10 / Is it difficult for writer to earn enough money for living in Israel?

Of course it is. This is why I teach. I am teaching creative writing to art students at the Bezalel School in Jerusalem and in other places. Tel Aviv is pretty expensive. Especially, after corona pandemic. Tel Aviv is not what it used to be. It’s not that place anymore. Some new buildings are rising so quickly. They are everywhere. At some places they destroy old buildings and build the new ones, bigger, and of course more expensive. Tel Aviv is becoming place for the reach people.

11 / What can you tell us about that new book?

I’ve finished it one year ago, but it will be published this year, in November and is also very radical book. It’s called Biotop and it’s all about this crowd and reach area of Tel Aviv where I live, so to call “reach” but where also some strange things are happening with drugs and all other underground things. The book shows that other sides of that, so to call reach part of Tel Aviv. The main character pays attention to that other side, on the people that nobody pays attention to. He lives in my apartment and he sees all the things that people don’t see usually. At the beginning of the book he is fired from the University where he worked as a lecturer, and that changes he’s whole life and he makes a lot of foolish mistakes. The book is documentary of this region, the middle of Tel Aviv, but also about Israel even though some of things take a place in Normandy, France. This is my first book that the main hero is male, and that I wrote it from his perspective. It was very difficult to think like a man. I consulted my best male friend a lot. It took me six and a half years to write this book. I’ve finished it right before corona.
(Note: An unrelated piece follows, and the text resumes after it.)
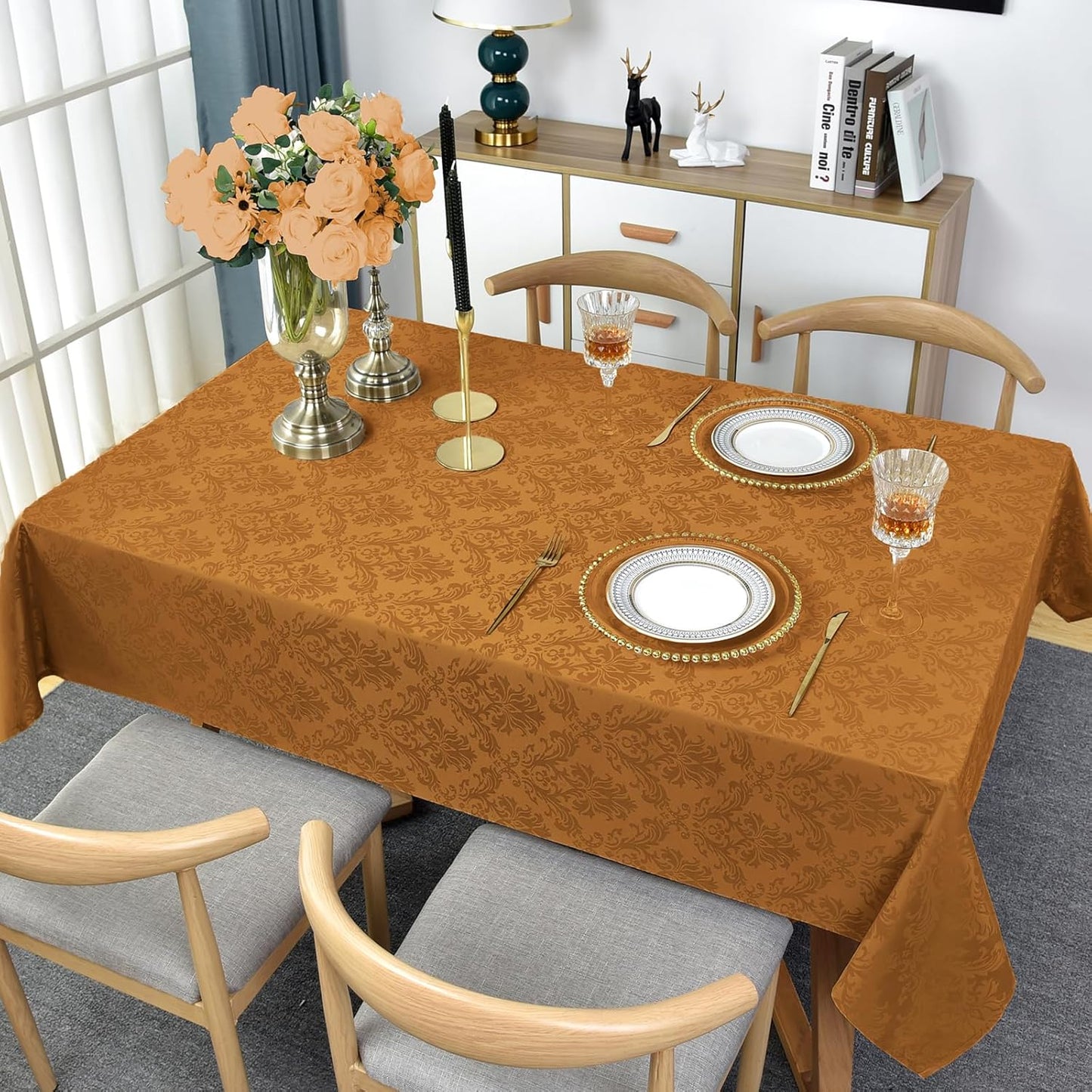 Rectangle Table Cloth - 60 x 84 Inch Brown Jacquard Tablecloths Damask Design Spillproof Wrinkle Resistant Shrinkproof Soft Tablecloth Polyester Oblong Table Cover for Kitchen Dinning Party Tabletop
15 / There is an opinion generally that the essence of literature is to be a mirror that reflects the writer’s inner voice. Above all 15 books that you wrote which one has the strongest reflection of your inner voice?

Dolly City, definitely. But this new book, too. It concludes Dolly City. Every book I published after it some people told me: It’s nice, very good, but it’s not the Dolly City. In fact, that was happening ‘till The Egyptian novel. Then they stopped. Maybe because I got a big prize for it, they shut up for a while. And now after this new book I hope that they will really, really shut up.


Tel Aviv / october 2022

interview by Bogdan Petrović

published by NIN magazine


Orly Castel Bloom / Israel

Orly Castel-Bloom (Hebrew: אורלי קסטל-בלום‎) is an Israeli author. She was born in north Tel Aviv in 1960, to a family of Egyptian Jews. Until the age of three, she had French nannies and spoke only French. She studied film at the Beit Zvi School for the Performing Arts in Ramat Gan.